Loann Goujon
- Born: 23 April 1989 (age 37) Combronde, France
- Height: 1.94 m (6 ft 4 in)
- Weight: 114 kg (17 st 13 lb; 251 lb)
- School: EM Lyon Business School

Rugby union career
- Position: Flanker / Number 8

Senior career
- Years: Team / Apps / (Points)
- 2008–2012: Clermont / 3 / (0)
- 2012–15: La Rochelle / 58 / (30)
- 2015-18: Bordeaux / 55 / (10)
- 2018-: Lyon / 66 / (25)
- Correct as of 14 December 2019

International career
- Years: Team / Apps / (Points)
- 2009: France U20 / 8 / (0)
- 2014–: France / 17 / (5)
- Correct as of 27 June 2017

= Loann Goujon =

French rugby union player (born 1989)

Loann Goujon (/fr/; born 23 April 1989) is a French rugby union player. He currently plays for La Rochelle in the Top 14, normally playing at Flanker or Number 8.

==Career==
Goujon first started playing rugby in 2003 at Junior rugby level. From 2003 to 2005 he played for his local side RC Combronde, before playing for RC Vichy at the age of 16. At the age of 17 he was recruited by Clermont Auvergne to play for the Junior side, and by the age of 19 he was promoted to the senior squad. Although he played for Clermont's second team between 2008 and 2011. During this time, he was selected for the France U20's team to play in the 2009 Six Nations Under 20s Championship. He played in all five games in what was France U20's first Championship title. He was later selected for the 2009 IRB Junior World Championship in Japan, where he was part of the team that beat Wales U20's 68–13 to claim 5th place.

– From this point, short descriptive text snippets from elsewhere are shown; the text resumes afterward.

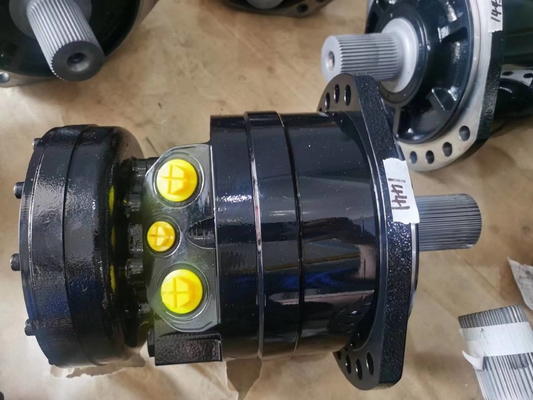 高速水力モーター 高トルクモーター 建設機器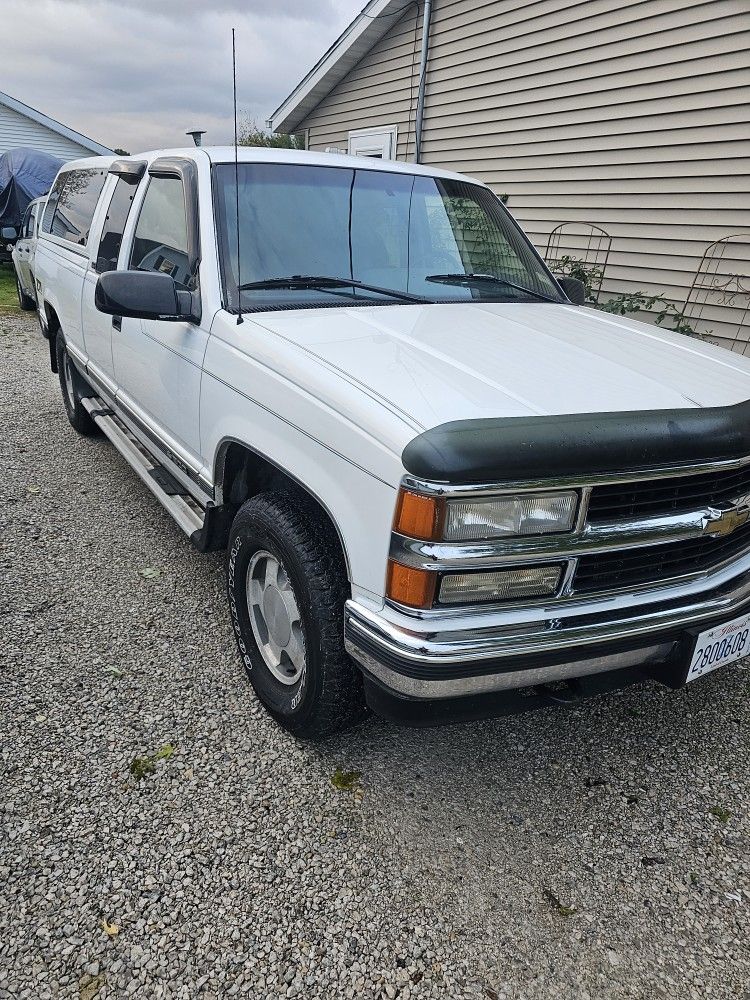 1996 Chevy Silverado K 1500 Z71 4x4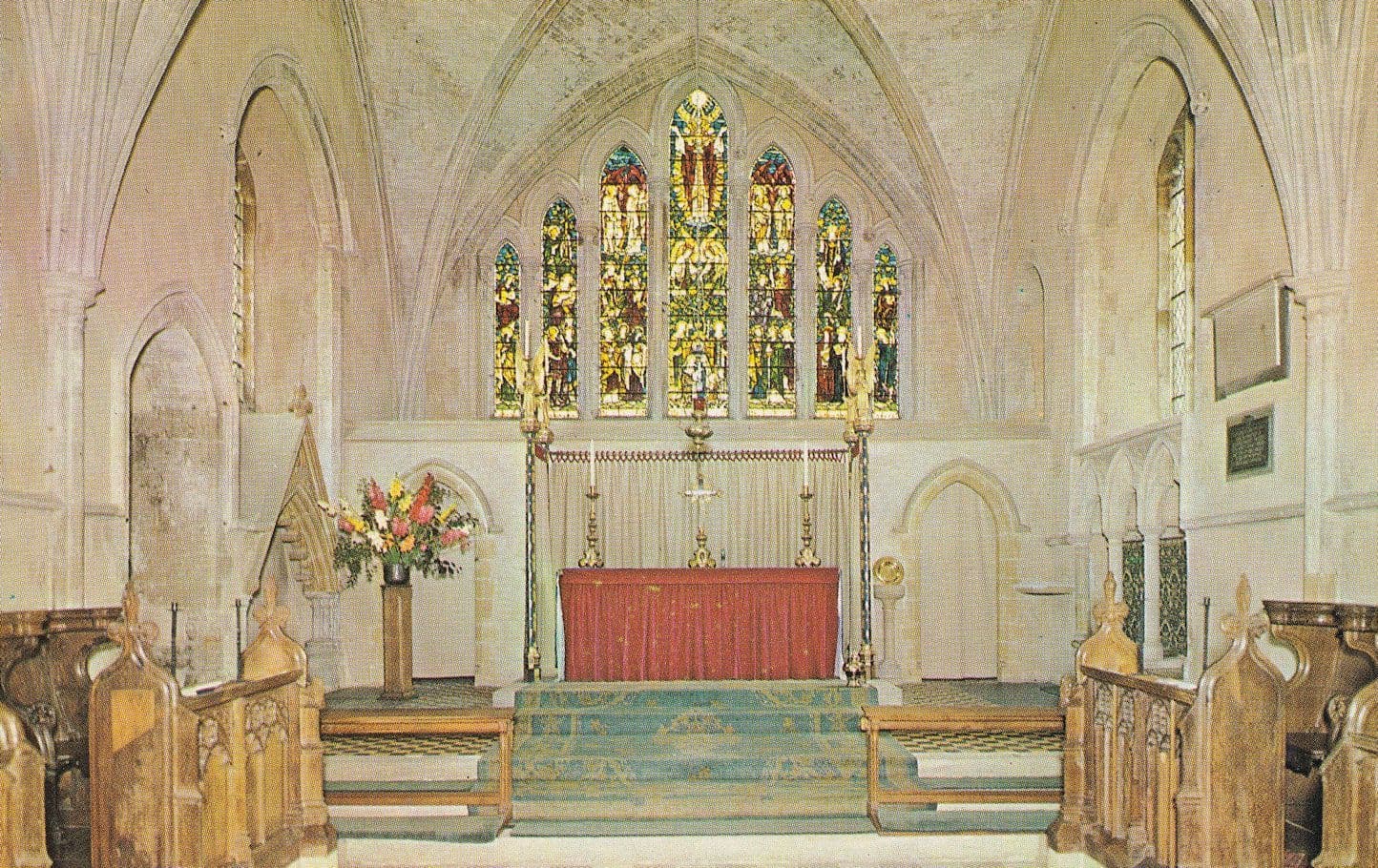 St Nicholas Church Dereham Norwich Real Photo Vintage Postcard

For the 2011–12 Top 14 season, he was offered a full professional contract by Vern Cotter, and was made an official member of the Clermont senior side. He debuted professionally on the 17 September 2011 against Racing Métro in a 22–11 victory. In July 2012, he was loaned to La Rochelle in the Pro D2, to gain some game time and experience. Surprisingly, he played in all but 2 matches in that season, making 23 starts. He remained with the club for the 2013–14 Rugby Pro D2 season, and was a key figure in the team that gained them promotion to the Top 14 for the 2014–15 season. Having put in strong ball carrying performances for La Rochelle, he was called up to the France national side for the 2015 Six Nations Championship by coach Philippe Saint-André. Although he was a late call-up, being added to the squad as injury cover for Louis Picamoles.

He made his international debut off the bench against Scotland in the opening week of the Six Nations, though he replaced captain Thierry Dusautoir on the 79th minute.